Oh, guess no distributor then on 2001 !!!


----------



## pissed owner (Jan 17, 2016)

Problems that I've personally had repaired on a 2007 Pathfinder relating to not getting spark.

1.) Blown security module, something to do with the anti-theft system. Be very careful giving someone a jumpstart! $600+ part, total cost to repair, well over $800.

2.)Blown ECM. It just randomly died on me while driving. Part cost me $1800+ from nissan dealership. Total cost to repair, well over $2300. You can get the ECM for about a 3rd that cost, but then you have to pay nissan to program it to your vehicle. Lose/lose for you.
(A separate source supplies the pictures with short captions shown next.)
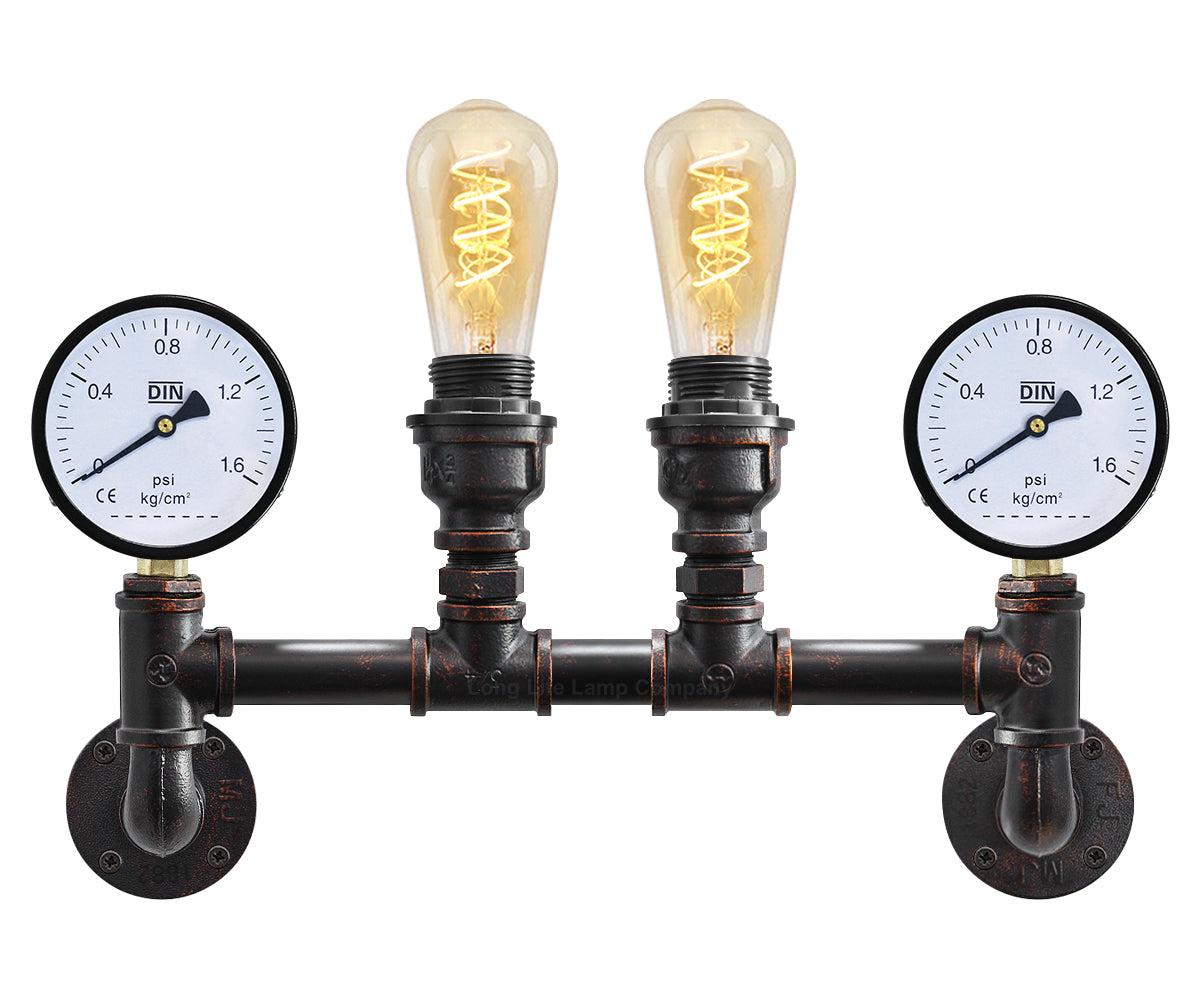 Vintage Industrial Pipe Wall Light with Twin Guage M0188P 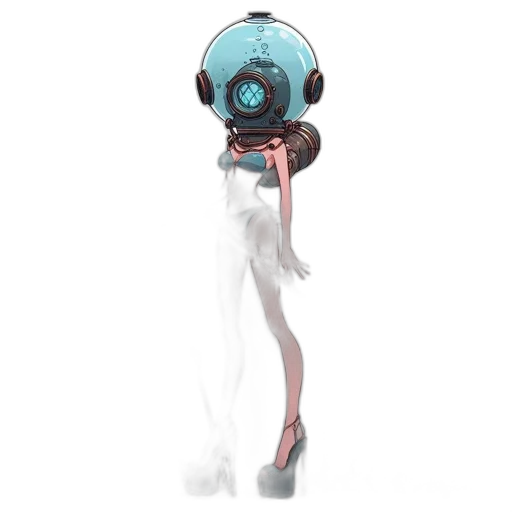 robot, staff, concept art, 3d render transparent PNG cut-out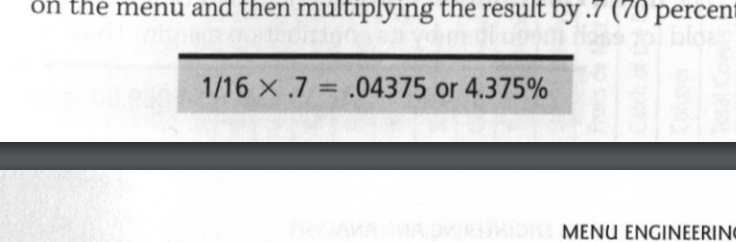 <p>this is the amount of item you have on the menu divided by one. This is then multiplied by .7</p><p></p>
3.) Blown or failing.....some kind of sensor located around the ignition switch(where you insert the key) that tells the ECM that your key is the correct key. Part cost $587. Total repair cost NOT including the other items I had fixed/replaced at the same visit due to extreme incompetence at the nissan service team.....around $750. Total bill was about $1300.

4.) My next electrical problem will be driving this POS to a dark country road, reporting it stolen, and then setting the damn thing on fire.


----------



## Amcip1 (Nov 16, 2020)

rogoman said:


> Your engine uses individual coil packs for each cylinder. Have you lost spark on every cylinder; if yes, then consider also changing the camshaft position sensor. Make sure the two fuses are good. Perform an ECU code readout with a scan tool to look for any fault codes that may be set; post the codes here on the forum.


So far did a lot of checking but recently my scanner stop picking up codes the inside of the cabin relay was bad I swapped it with another relay it's working still no codes. I was told to check under the hood for an ignition relay there but I only found the egi relay which I guess is for the gas. Did not swap that as the other relays near look different. Is it worth it to swap a new one in? Thank you


----------



## smj999smj (Jan 1, 2006)

Amcip1 said:


> So far did a lot of checking but recently my scanner stop picking up codes the inside of the cabin relay was bad I swapped it with another relay it's working still no codes. I was told to check under the hood for an ignition relay there but I only found the egi relay which I guess is for the gas. Did not swap that as the other relays near look different. Is it worth it to swap a new one in? Thank you


You would be better off starting a new thread on your vehicle giving the year, engine, what the problem is and what you have done rather than tagging onto a 5-year old post. This way you get better attention to your specific problem and it doesn't get muddled by other posts not specific to yours.


----------